A influência cultivadora, seletiva, isto é, tanto destrutiva quanto criadora e
modeladora, que se pode exercer com ajuda das religiões, é sempre múltipla e
diversa, conforme o tipo de homens colocados sob seu domínio e proteção. Para
os fortes, independentes, preparados e predestinados ao comando, nos quais se
encarnam a razão e a arte de uma raça dominante, a religião é mais um meio de
vencer resistências e dominar: é um lasco que une dominadores e súditos, e que
denuncia e entrega àqueles a consciência destes, o que neles é mais íntimo e
oculto, que bem gostaria de se subtrair à obediência; e se algumas naturezas de
origem nobre se inclinarem, por uma elevada espiritualidade, a uma vida mais
afastada e contemplativa, guardando para si apenas a mais refinada espécie de
domínio (sobre discípulos eleitos ou irmãos de ordem), a religião pode ser usada
inclusive como meio de obter paz frente ao barulho e á fadiga de modos mais grosseiros de governo, e limpeza frente
á necessária sujeira de toda política.
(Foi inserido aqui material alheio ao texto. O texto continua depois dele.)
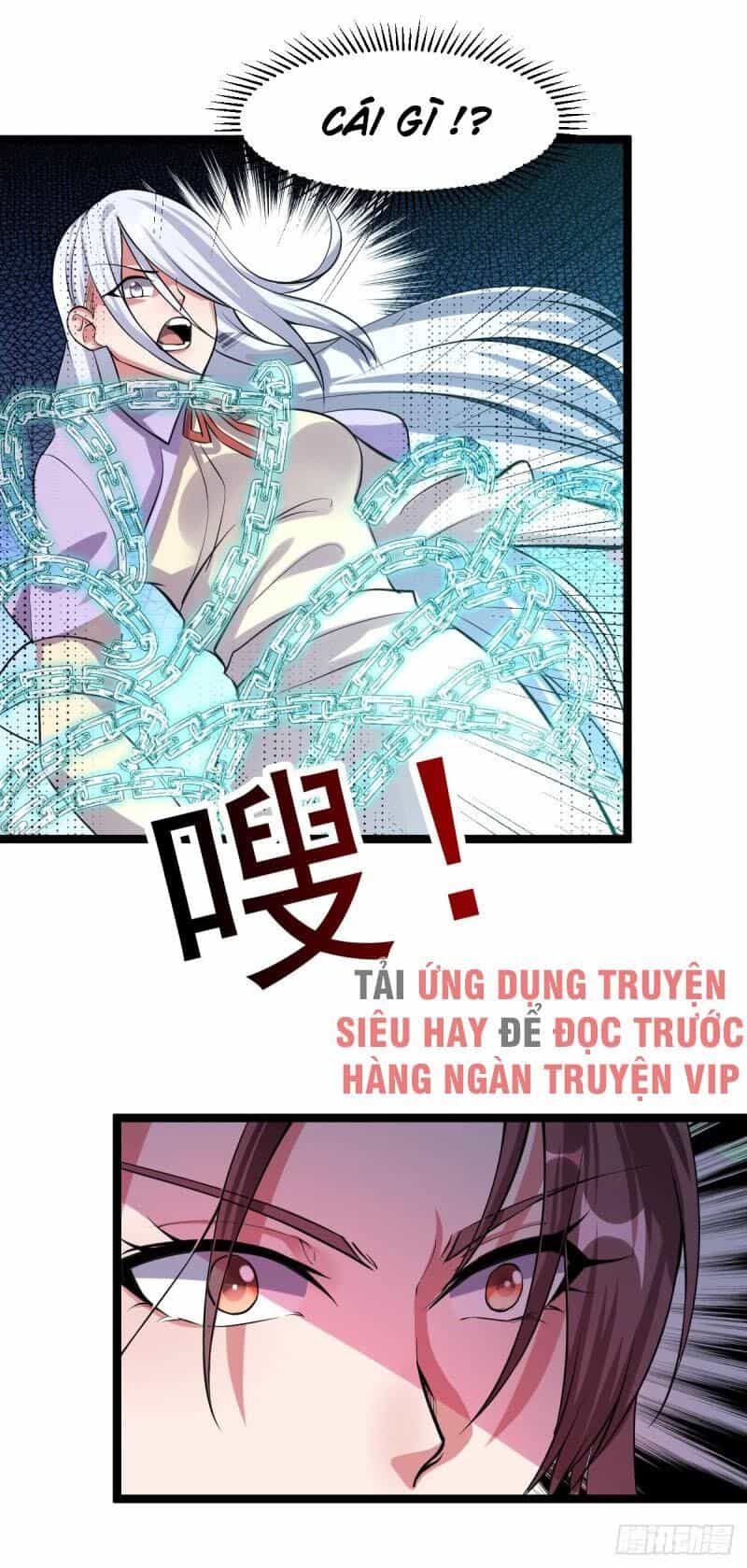 Tiên Vương Trùng Sinh - Chương 139 - ảnh 28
Assim
fizeram os brâmanes, por exemplo: através de uma organização religiosa atribuíram-se
o poder de nomear reis para o povo, mantendo-se e sentindo-se fora e á margem, como
indivíduos de tarefas superiores e supra-reais. Entretanto a religião também
fornece, a uma parte de dominados, orientação e oportunidade de prepara-se para
dominar e comandar algum dia: àquelas classes e camadas que sobem lentamente,
nas quais não param de crescer, mediante felizes costumes matrimoniais, a força
e o prazer da vontade, a vontade de autodomínio – a elas a religião oferece
estímulos e tentações suficientes para percorrer o caminho da espiritualidade
superior, para colocar á prova os sentimentos da grande superação de si mesmo,
do silêncio e da solidão – ascetismo e puritanismo são meios de educação e
enobrecimento quase indispensáveis quando uma raça pretende triunfar de sua
origem plebéia e ascender ao domínio futuro. Aos homens ordinários, enfim, o
grande número que existe para o serviço e para utilidade geral, e que apenas
assim tem direito de existir, a esses
a religião proporciona uma inestimável satisfação com seu estado e seu modo de
ser, uma reiterada paz do coração, um enobrecimento da obediência, mais alegria
e mais dor em comum com seus iguais, e alguma transfiguração e embelezamento,
alguma justificação de toda cotidianidade, de toda a baixeza, toda a pobreza
semi-animal da sua alma. A religião e a significação religiosa da vida lançam
um raio de sol a essas criaturas atormentadas e lhes tornam suportável inclusive
a própria visão, tem o efeito que uma filosofia epicurista costuma ter em
sofredores de uma categoria mais elevada, aliviando, refinando, como que se aproveitando do sofrimento, chegando
inclusive a santificá-lo e justificá-lo. Talvez não haja, no cristianismo e no
budismo, nada tão digno de respeito como a sua arte de ensinar mesmo os mais
humildes a se colocar, pela devoção, numa ilusória ordem superior de coisas,
mantendo assim o contentamento com a ordem real, no interior da qual vivem tão
duramente – dureza essa que é tão necessária.